→ DATA TO PROCESS
****************
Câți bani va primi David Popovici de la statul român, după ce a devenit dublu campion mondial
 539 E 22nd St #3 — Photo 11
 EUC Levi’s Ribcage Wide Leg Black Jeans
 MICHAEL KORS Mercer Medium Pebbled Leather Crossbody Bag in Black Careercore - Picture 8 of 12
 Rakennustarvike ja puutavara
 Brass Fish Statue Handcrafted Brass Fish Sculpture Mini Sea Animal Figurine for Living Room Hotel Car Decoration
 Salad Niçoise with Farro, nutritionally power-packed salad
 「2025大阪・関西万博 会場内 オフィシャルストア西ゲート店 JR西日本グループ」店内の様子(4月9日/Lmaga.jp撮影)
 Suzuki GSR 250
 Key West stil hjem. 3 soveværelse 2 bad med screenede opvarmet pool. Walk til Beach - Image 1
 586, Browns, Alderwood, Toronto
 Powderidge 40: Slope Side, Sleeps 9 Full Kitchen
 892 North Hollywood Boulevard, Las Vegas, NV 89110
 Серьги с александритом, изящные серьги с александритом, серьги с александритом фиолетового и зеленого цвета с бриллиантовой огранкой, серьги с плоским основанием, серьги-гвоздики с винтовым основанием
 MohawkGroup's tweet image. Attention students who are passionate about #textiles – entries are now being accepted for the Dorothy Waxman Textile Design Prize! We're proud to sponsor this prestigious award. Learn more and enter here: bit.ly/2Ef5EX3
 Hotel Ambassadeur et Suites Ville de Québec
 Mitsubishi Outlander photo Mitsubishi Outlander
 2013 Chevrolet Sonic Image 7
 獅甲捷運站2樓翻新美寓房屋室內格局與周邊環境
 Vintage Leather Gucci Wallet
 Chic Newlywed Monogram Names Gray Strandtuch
****************
→ YOUR GOAL
Pick every line of the data that includes the string "Hotel".

→ SOLUTION TO THIS EXERCISE
 Brass Fish Statue Handcrafted Brass Fish Sculpture Mini Sea Animal Figurine for Living Room Hotel Car Decoration
 Hotel Ambassadeur et Suites Ville de Québec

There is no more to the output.